I wrote a proposal to Rockport to complete a series in the same manner:
Art of the American South; Art of the American East; Art of the American North with the same historical emphasis. However, the projects are on hold. In addition, I have completed 10 children's picture books, 3 middle grade novels and am working on a fourth middle grade novel. I am contacting publishing houses at the present time.
Rebecca :
How did you compile such a book? Did you put out an advertisement?
Julie :
Compiling the book:
A. Choosing the artists:
1. I researched current magazines and books such as Art of the West,
Southwest Art, Equine Images, Wildlife Art, etc. for quality artists
2. From our joint associations with many artists through our contacts at juried exhibitions throughout the country.
B. The process with the publisher:
l. I typed a list of 450 artists, with their mailing addresses and sent it to Rockport Publishers.
2. Rockport sent a prospectus to the artists with a two month deadline.
3. The Prospectus required 3 quality slides, brief bio, inspiration for the subject painted, media and technique.
4. No fee was charged to the artists.
5. The completed prospectus was returned to Caroline and myself with SASE for the return of the slides and/or transparencies.
C. Our final choices:
1. Caroline and I met to choose from the 200 responses we received.

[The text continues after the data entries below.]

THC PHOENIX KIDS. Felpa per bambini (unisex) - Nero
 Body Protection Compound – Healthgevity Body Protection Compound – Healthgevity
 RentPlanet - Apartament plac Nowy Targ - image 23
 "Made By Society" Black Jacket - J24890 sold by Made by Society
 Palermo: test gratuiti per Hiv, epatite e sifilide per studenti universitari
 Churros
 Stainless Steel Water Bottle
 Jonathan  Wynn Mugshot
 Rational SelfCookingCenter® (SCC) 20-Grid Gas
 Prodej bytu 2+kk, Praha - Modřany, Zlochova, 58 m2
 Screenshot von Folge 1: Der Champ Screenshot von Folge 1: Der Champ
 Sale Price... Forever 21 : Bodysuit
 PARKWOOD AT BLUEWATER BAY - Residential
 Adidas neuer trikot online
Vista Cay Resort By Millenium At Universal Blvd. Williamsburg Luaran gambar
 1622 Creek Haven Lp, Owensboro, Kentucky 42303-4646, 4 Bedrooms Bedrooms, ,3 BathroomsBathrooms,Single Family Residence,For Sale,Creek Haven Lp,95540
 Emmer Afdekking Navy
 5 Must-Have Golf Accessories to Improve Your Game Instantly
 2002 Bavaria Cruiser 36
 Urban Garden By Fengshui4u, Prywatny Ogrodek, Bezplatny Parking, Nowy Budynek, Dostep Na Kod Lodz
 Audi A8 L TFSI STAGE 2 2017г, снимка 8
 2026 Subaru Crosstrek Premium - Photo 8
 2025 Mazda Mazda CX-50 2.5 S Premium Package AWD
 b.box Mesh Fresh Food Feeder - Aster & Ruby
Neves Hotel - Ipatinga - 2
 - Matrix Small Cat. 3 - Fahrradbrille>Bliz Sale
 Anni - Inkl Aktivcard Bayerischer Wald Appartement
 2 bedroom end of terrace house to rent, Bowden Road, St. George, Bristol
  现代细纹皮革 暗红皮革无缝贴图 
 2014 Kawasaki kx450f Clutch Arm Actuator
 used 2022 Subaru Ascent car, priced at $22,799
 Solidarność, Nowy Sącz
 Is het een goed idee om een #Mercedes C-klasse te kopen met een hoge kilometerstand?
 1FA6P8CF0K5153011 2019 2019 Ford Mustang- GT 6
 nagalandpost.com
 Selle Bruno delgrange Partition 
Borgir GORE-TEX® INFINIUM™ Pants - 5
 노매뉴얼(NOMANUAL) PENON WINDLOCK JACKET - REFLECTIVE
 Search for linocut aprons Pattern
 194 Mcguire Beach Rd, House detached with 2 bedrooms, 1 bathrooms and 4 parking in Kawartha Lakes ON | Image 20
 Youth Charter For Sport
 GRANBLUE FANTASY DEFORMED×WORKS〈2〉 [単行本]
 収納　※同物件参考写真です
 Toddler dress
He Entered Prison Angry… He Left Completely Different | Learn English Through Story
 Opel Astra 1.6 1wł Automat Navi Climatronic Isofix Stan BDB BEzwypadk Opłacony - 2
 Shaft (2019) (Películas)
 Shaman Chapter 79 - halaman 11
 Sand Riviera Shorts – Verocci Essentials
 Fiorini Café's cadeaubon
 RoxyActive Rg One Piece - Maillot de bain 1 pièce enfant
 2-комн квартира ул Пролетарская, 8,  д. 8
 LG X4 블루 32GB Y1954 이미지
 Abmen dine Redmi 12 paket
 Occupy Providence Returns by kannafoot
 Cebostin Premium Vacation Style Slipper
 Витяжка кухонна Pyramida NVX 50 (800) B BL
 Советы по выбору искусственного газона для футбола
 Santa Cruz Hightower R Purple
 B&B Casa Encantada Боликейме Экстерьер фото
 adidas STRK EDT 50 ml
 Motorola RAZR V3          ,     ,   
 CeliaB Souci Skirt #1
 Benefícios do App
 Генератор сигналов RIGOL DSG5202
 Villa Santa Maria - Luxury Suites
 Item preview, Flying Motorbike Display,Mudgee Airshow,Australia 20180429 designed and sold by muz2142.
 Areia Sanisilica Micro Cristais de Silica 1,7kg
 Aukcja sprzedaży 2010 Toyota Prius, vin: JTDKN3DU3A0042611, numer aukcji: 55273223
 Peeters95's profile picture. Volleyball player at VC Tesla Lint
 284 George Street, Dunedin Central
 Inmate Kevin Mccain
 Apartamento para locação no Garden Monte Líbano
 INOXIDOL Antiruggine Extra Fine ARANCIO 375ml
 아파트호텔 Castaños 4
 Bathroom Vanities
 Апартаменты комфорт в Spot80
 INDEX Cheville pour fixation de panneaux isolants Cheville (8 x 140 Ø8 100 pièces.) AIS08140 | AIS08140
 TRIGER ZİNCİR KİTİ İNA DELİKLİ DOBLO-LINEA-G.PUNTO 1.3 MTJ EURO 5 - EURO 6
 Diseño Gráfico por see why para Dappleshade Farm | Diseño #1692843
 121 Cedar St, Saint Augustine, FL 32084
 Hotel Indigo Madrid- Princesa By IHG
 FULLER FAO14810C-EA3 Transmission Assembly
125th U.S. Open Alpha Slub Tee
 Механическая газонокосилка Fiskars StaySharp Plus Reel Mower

2. We chose on quality, historical value, variety of media and subject matter
3. I wrote letters of acceptance and/or non-acceptance to the artists. We did not put out any advertisements.
Rebecca :
How long from concept to completion? Are all the artists residents or are some of them itinerant?
Julie :
Caroline and I signed the contracts in November, I believe. I started the research the day after Christmas for the list of artists. The prospectus came back in February. After our 120 choices were made. I started the writing and editing. My deadline was April 1. I worked some days up to 16 hours a day. Most of the artists live at one location within the United States except for one Canadian, one Chinese and one Peruvian.
Rebecca :
Where was the best places to find the artists - did you ever see them actually sketching at Rendezvous & PowWows? Where did you have to go to get the artists & copies of their works?
Julie :
Each artist signed a grant of permission to use their work via transparency or slide in the publication. Finding the artists: Publications, Art Exhibits, Rendezvous. I have exhibited in Laguna Beach for four years, exhibited at the Wyoming Pinedale Rendezvous; Taos, New Mexico; Biloxi, Mississippi; Springfield, Missouri; Deer Lodge, Montana; Prescott, Arizona and numerous exhibits and museums in California where I have met an abundance of quality artists. I have sketched and painted outdoors with a variety of artists.
Rebecca :
What are your criteria for a painting that moves you?
Julie :
I am a watercolorist and I have been painting for 20 years and exhibiting professionally for 8 years. I am always enchanted by light and shadow and the way the color juxtaposes against it's complimentary color. The color opposition sets up a contrast that makes the painting sing.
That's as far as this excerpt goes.